When working with ICD codes it is very hard to find the relevant mappings online, and even harder if it's in Spanish or for a specific country. In the case of Chile, the DRG system uses CIE-10/ICD-10 for diagnoses and CIE-9-MC/ICD-9-CM for procedures. This repo contains the Spanish and English versions of these codes, which were collected and scraped from different sources. Intuitively this should be a simple task, but it proved to be a considerable obstacle in my research project, which is why I am making them public.

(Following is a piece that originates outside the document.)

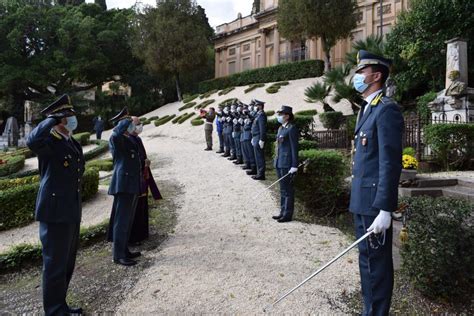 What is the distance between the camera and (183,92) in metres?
40.4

In this repo you can find:
- ICD-10 2008
- CIE-10 2009
- ICD-9-CM 2011
- CIE-9-MC 2014
- Mapping from diagnosis code to English/Spanish description
- Mapping from procedure code to English/Spanish description
Additionally if you are interested in the representation of ICD codes (as graphs and with embeddings), please check this repo
Scraped from the WHO's (World Health Organization) website using their JSON API. It was scraped using BFS so the JSON file also contains the graph representation of the codes (it includes a parent attribute and a boolean for leaf nodes). The file is the full representation, with not only leaf nodes but intermediate nodes.
Available online at the Spanish Ministry of Health. The processed.txt file is the .tsv version of the file with Spanish special characters removed to facilitate encoding.
The CMS (Centers for Medicare & Medicaid Services) has different versions of the ICD-9-CM Diagnosis and Procedure Codes (in abbreviated and full form) available for downloading online. Unfortunately, the available codes are only the leaf nodes in the ICD graph (only 4 digit codes) so we are still missing information about the description in intermediate nodes, this can be found in the .tsv file procedures_official.
The CDC (Centers for Disease Control and Prevention) has a rich text format (RTF) version of the 2011 edition (which corresponds to the CIE-9-MC of 2014 according to the Spanish Ministry of Health) available online. In order to work with this data the file was converted to pdf format, then to html format and parsed using the Beautiful Soup Python library to finally have a .tsv file with all the codes, both leaves and intermediate nodes, it can be found in the parsed_from_document directory.
In parsed_fom_document the codes are obtained from the official publication of the standard's translation. The pdf file was parsed to html using an online tool, and then scraped to find all the code-description lines. The final result can be found in codes_desc.csv.
These codes are also available online at the Spanish Ministry of Health, this version is in codes_desc_official.